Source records
****************************************
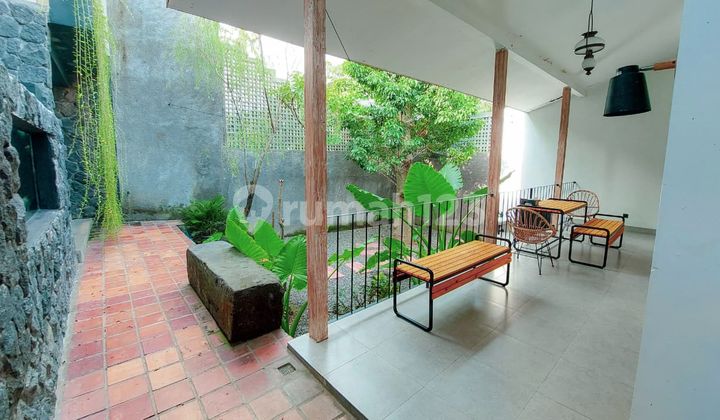 Rumah dengan Style Villa Modern Tropical di Gamoing 2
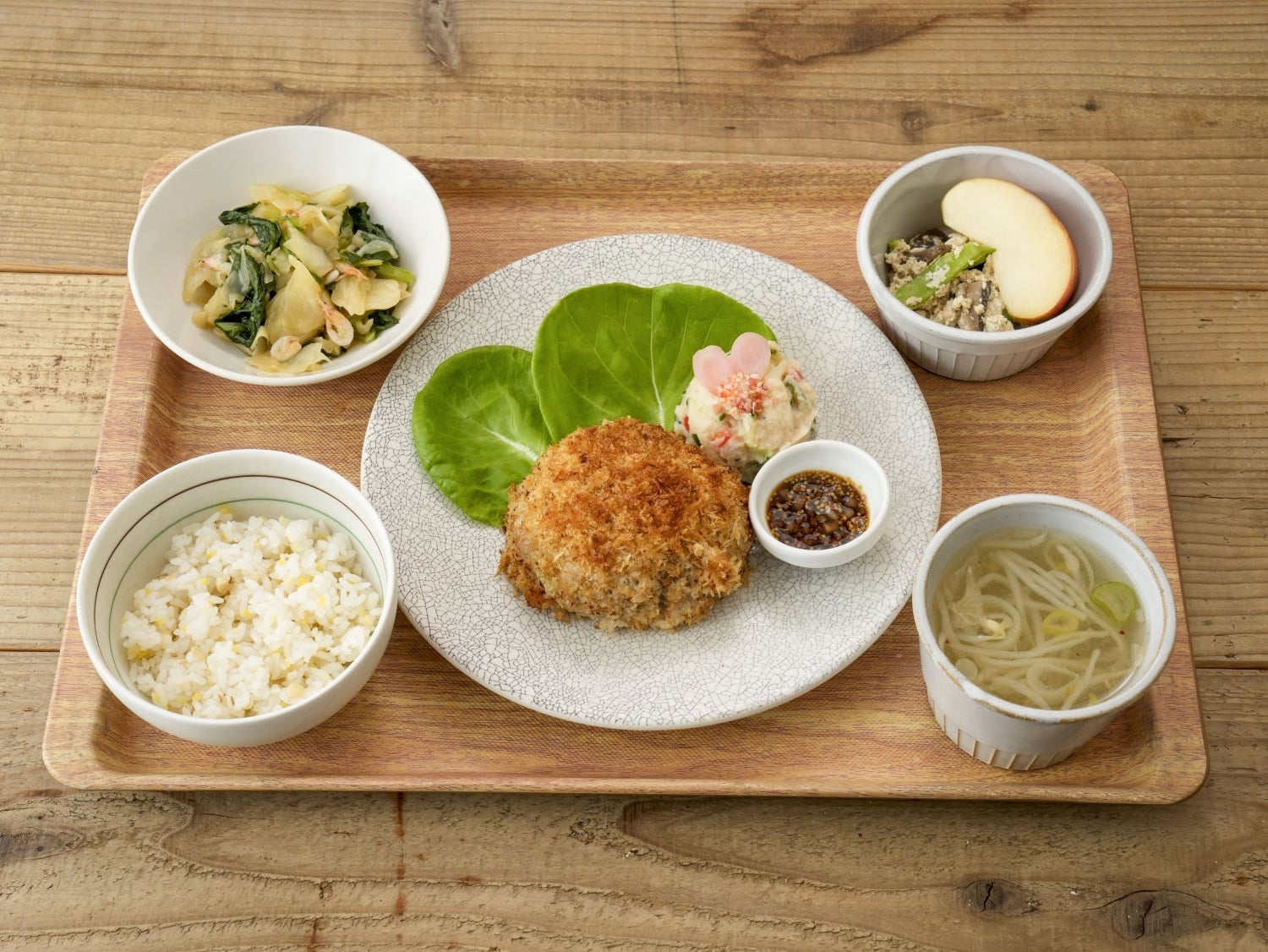 生姜たっぷり焼きメンチカツ岩下の新生姜入りポテトサラダ添え定食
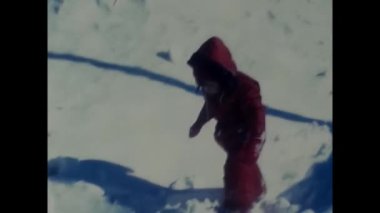 Trentino, İtalya Kasım 1980: 80 'lerde karda oynayan küçük bir çocuk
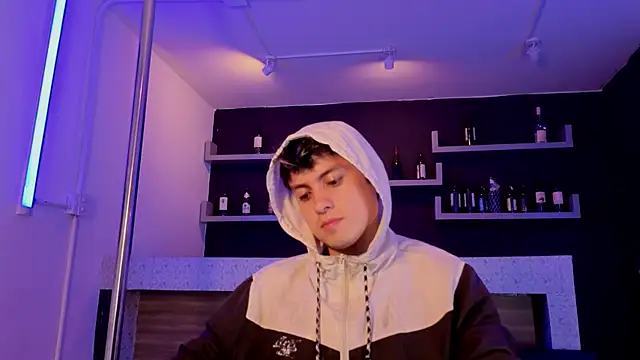Chat XXX ao vivo de angel_still_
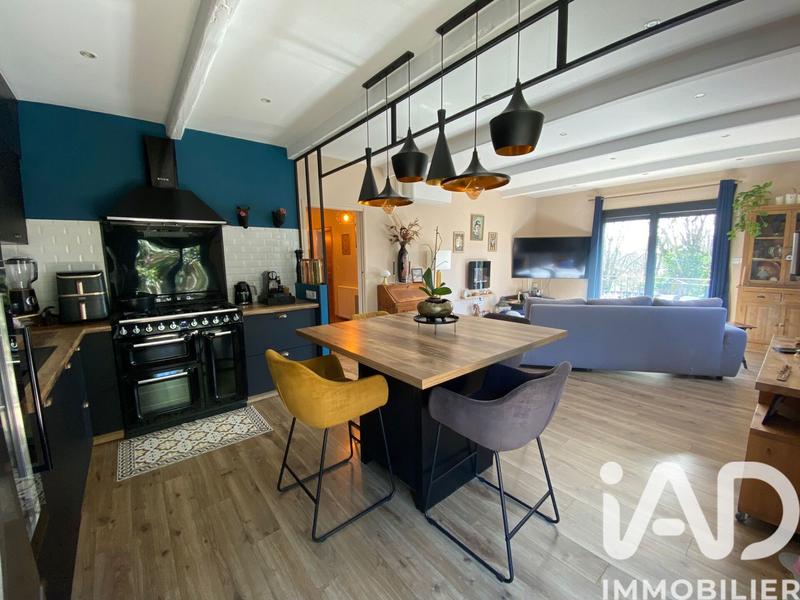 Maison - 183 m² - 6 pièces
****************************************
:: ACTIVITY ::
Only the lines from the one holding "生姜たっぷり焼きメンチカツ岩下の新生姜入りポテトサラダ添え定食" through the end of the records belong in the answer, copied exactly and without pictures.

:: WRITTEN SOLUTION ::
 生姜たっぷり焼きメンチカツ岩下の新生姜入りポテトサラダ添え定食
 Trentino, İtalya Kasım 1980: 80 'lerde karda oynayan küçük bir çocuk
Chat XXX ao vivo de angel_still_
 Maison - 183 m² - 6 pièces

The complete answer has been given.